**Directions:**
Each line in the data holding "Baby" should be listed.
····················
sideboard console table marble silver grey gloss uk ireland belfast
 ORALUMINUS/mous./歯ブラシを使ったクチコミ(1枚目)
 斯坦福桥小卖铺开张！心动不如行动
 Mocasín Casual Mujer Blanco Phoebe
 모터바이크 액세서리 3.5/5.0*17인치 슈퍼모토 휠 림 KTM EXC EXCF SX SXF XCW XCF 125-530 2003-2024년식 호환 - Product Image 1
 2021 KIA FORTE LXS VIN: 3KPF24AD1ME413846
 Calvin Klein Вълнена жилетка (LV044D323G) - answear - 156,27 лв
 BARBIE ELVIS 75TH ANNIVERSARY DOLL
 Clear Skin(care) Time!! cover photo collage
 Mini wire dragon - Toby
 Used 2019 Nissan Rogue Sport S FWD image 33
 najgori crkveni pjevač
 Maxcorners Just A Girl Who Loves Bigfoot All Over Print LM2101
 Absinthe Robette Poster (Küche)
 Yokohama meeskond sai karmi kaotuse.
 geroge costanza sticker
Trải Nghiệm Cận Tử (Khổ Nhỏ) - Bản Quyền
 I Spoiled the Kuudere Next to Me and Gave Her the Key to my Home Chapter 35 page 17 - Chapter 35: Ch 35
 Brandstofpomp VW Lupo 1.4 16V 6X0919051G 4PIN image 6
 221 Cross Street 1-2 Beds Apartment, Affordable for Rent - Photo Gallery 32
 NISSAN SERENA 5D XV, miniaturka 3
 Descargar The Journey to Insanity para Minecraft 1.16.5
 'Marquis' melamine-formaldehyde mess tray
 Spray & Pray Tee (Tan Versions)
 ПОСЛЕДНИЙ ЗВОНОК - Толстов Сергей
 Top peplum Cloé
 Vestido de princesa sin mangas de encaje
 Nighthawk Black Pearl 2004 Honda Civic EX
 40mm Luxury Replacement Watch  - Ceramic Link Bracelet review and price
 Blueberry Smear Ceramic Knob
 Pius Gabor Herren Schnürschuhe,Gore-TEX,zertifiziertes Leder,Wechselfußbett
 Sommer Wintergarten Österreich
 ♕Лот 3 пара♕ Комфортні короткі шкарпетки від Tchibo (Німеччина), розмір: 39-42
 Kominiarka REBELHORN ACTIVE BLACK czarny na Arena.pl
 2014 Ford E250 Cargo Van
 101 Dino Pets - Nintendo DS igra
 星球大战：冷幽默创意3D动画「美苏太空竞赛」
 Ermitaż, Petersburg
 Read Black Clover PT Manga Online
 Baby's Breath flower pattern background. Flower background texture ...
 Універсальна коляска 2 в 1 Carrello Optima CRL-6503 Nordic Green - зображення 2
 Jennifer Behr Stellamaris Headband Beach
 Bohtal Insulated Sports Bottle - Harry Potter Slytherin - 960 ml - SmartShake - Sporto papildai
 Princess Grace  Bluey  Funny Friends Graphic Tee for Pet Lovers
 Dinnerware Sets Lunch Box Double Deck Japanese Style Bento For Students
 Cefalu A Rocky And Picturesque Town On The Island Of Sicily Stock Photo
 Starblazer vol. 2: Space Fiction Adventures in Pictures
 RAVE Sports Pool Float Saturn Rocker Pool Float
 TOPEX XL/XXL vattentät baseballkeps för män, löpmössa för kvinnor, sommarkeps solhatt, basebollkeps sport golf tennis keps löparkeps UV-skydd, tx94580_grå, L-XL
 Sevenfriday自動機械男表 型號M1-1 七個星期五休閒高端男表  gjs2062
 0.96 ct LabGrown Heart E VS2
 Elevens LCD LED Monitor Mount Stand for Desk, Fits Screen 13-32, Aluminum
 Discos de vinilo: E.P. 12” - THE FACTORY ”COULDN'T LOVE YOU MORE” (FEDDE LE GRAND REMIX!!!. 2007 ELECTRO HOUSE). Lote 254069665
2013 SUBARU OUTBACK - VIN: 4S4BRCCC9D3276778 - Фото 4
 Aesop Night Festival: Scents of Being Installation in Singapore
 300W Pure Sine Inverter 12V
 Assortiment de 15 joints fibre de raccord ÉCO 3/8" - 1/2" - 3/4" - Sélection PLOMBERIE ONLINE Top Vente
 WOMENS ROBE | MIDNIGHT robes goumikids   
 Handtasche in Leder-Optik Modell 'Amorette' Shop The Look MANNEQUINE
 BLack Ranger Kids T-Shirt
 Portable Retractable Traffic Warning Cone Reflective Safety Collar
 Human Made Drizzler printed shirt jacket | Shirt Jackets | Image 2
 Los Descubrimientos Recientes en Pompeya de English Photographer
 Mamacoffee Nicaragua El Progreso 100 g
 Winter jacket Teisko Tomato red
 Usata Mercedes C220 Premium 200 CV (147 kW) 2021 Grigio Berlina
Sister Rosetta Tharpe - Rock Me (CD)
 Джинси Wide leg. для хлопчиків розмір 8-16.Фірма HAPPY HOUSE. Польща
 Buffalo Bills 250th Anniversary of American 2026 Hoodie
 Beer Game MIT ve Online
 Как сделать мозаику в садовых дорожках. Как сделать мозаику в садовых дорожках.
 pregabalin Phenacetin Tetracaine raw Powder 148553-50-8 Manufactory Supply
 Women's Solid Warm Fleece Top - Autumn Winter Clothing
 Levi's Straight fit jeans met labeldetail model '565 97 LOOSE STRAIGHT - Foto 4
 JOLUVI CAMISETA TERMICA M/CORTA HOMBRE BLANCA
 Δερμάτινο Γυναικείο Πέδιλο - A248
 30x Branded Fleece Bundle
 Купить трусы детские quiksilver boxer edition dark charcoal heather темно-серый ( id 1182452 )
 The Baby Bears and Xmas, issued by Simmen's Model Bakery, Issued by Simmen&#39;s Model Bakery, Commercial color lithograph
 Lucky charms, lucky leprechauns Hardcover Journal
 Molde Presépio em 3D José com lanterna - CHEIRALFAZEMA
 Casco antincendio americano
····················
**Solution to this exercise:**
 Baby's Breath flower pattern background. Flower background texture ...
 The Baby Bears and Xmas, issued by Simmen's Model Bakery, Issued by Simmen&#39;s Model Bakery, Commercial color lithograph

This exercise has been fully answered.